▶ What to produce
Lines from the one with "Video call camera" to the end of the material, both included: print them exactly and print nothing else. Omit the pictures.

▶ Data for analysis
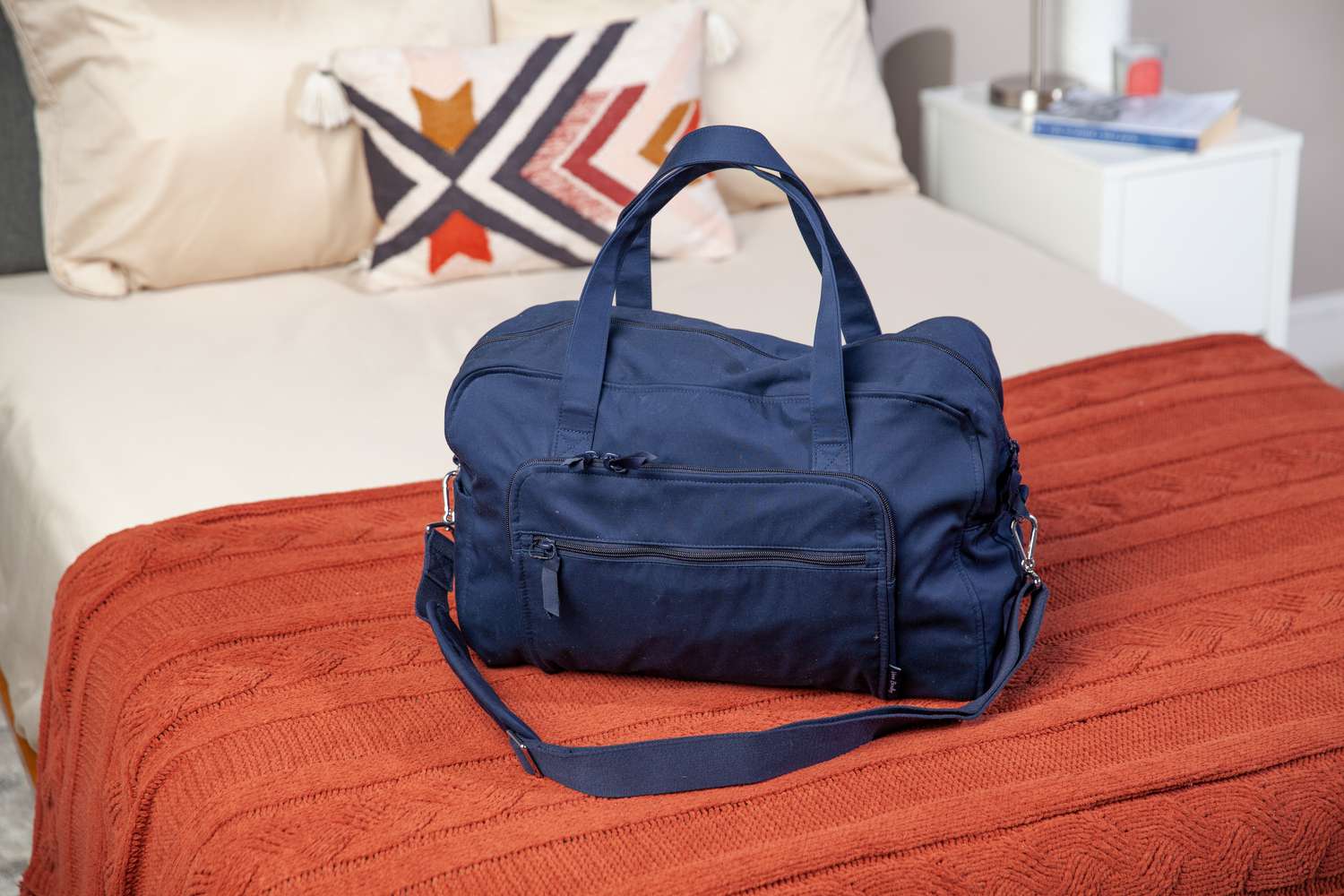 Vera Bradley Weekender Travel Bag displayed on bed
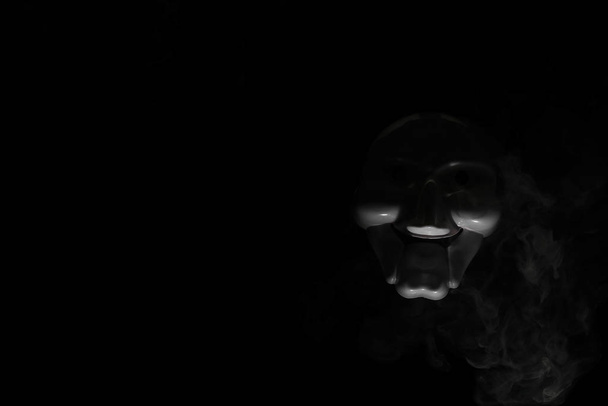 White scary mask on a black background with whites hand. - Photo, Image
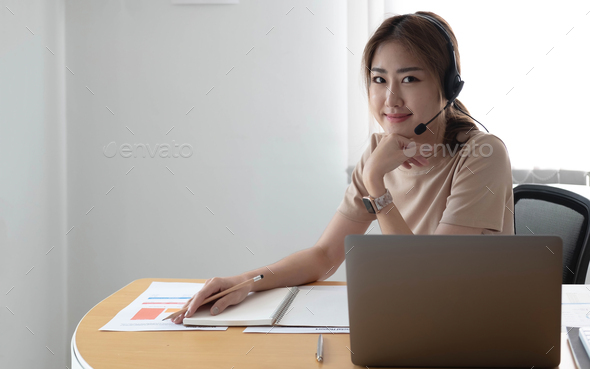 Video call camera view of businesswoman talks actively in videoconference . Call center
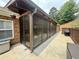 Screened-in patio area offering outdoor living space for relaxation and leisure at 112 Countryside Ct, Woodstock, GA 30189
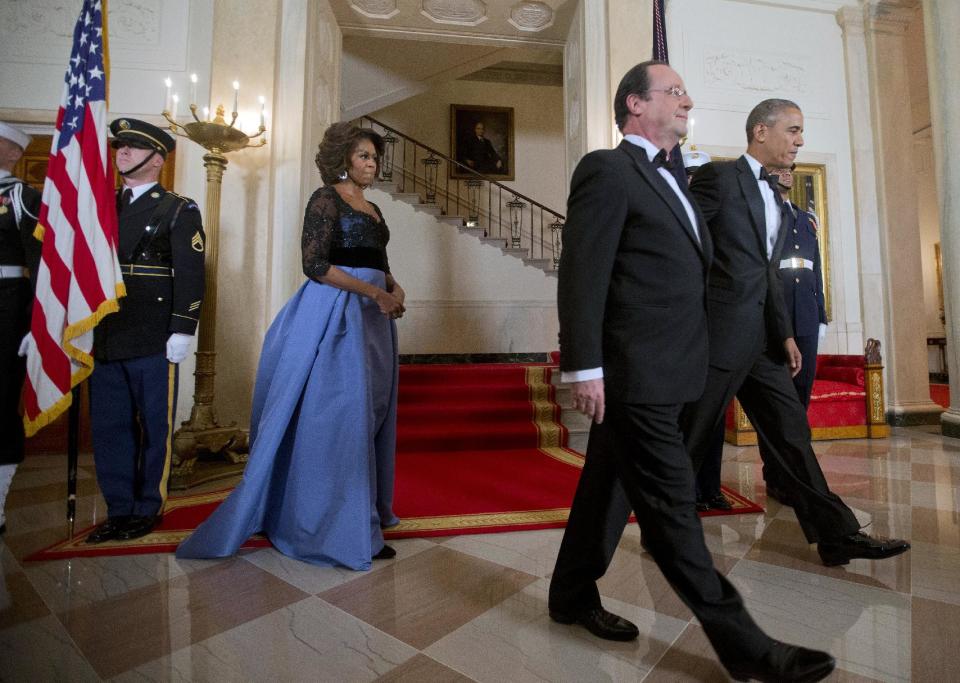 First Lady Michelle Obama, left, follows her husband President Barack Obama and French President Francois Hollande, center, after posing at the Grand Staircase, Tuesday, Feb. 11, 2014, for a State Dinner at the White House in Washington. (AP Photo/Pablo Martinez Monsivais)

▶ Written reply
 Video call camera view of businesswoman talks actively in videoconference . Call center
 Screened-in patio area offering outdoor living space for relaxation and leisure at 112 Countryside Ct, Woodstock, GA 30189
 First Lady Michelle Obama, left, follows her husband President Barack Obama and French President Francois Hollande, center, after posing at the Grand Staircase, Tuesday, Feb. 11, 2014, for a State Dinner at the White House in Washington. (AP Photo/Pablo Martinez Monsivais)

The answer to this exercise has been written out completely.